AI or ML Engineer - Remote
Mentions vibe-coding tools—preferred experience with Cursor, Claude Code, and Replit.
About the Role
Optum is hiring a senior AI/ML Engineer to design, build, and operate scalable enterprise ML and GenAI platforms. The role focuses on MLOps, model lifecycle management, cloud-native infrastructure, and productionizing LLMs and ML systems to enable reliable experimentation, deployment, monitoring, and governance.
Job Description
Role
Optum is seeking an AI/ML Engineer to build and operate scalable machine learning and generative AI platforms across the enterprise. The role focuses on designing and implementing ML infrastructure, model lifecycle management, and MLOps/LLMOps pipelines to support reliable experimentation, deployment, monitoring, and governance of ML and LLM systems.
Key Responsibilities
- Build enterprise ML and GenAI platforms supporting experimentation, model training, evaluation, deployment, monitoring, and lifecycle management.
- Productionize machine learning and generative AI models using batch and real-time inference architectures.
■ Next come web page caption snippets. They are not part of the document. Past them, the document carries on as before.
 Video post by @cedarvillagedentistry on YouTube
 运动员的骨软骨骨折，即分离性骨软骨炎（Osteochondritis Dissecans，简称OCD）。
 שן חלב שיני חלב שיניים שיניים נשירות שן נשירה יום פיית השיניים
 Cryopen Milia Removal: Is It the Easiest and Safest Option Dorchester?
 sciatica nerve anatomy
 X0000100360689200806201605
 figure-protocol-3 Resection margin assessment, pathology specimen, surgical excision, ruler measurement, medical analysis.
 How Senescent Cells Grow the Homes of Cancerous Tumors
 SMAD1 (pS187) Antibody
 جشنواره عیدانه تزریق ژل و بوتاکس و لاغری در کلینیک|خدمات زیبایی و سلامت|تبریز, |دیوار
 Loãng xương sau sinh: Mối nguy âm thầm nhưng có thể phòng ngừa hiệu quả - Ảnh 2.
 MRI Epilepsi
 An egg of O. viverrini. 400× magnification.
- Design and operate MLOps and LLMOps pipelines, including CI/CT/CD workflows for model testing, validation, versioning, and promotion across environments.
- Develop scalable, cloud-native ML infrastructure using Docker, Kubernetes, and managed cloud ML platforms (e.g., SageMaker, Azure ML, Vertex AI).
- Build and manage LLM application stacks including gateways, orchestration layers, model routing, caching, and cost/performance optimization.
- Implement model monitoring and lifecycle management systems to track drift, latency, bias, and data quality and enable automated retraining.
- Ensure governance, security, and compliance of ML systems (lineage, auditability, reproducibility, observability).
- Collaborate with data scientists, data engineers, and software engineers to define production ML standards and scalable AI solutions.
Requirements
Required
- 5+ years experience in machine learning engineering, MLOps, or AI platform engineering building production ML systems and scalable model pipelines.
- 4+ years programming in Python for ML systems and familiarity with frameworks such as PyTorch, TensorFlow, or scikit-learn.
- 3+ years working with ML lifecycle platforms such as MLflow, Kubeflow, SageMaker, Azure ML, or GCP Vertex AI.
- 3+ years building cloud-native ML platforms using Docker, Kubernetes, and distributed systems.
- 3+ years with distributed data processing and orchestration tools such as Spark, Ray, Airflow, Dagster, or Prefect.
- 3+ years experience with Generative AI and LLMs, including prompt engineering, prompt chaining, and fine-tuning (instruction tuning and LoRA/qLoRA).
Preferred
- Master’s degree in Computer Science, Engineering, Data Science, or related discipline.
- Experience with LLM orchestration frameworks (e.g., LangChain, LlamaIndex, Semantic Kernel).
- Experience in regulated or enterprise environments with emphasis on security, compliance, and responsible AI.
- Experience with vibe-coding tools such as Cursor, Claude Code, and Replit.
- Experience operating multi-cloud or hybrid ML platforms, knowledge of LLM cost optimization and performance tuning, exposure to knowledge graphs or hybrid search, and contributions to open-source ML or MLOps tooling.
Location & Work Arrangement
- Remote from anywhere within the U.S.; hires in Minneapolis or Washington, D.C. must work in-office a minimum of four days per week.
- Telecommuter policy applies for remote employees.
Compensation & Benefits (excerpt)
- Salary range: $98,547 to $175,978 annually (based on full-time employment).
- Benefits include a comprehensive benefits package, incentive and recognition programs, equity stock purchase, and 401(k) contribution.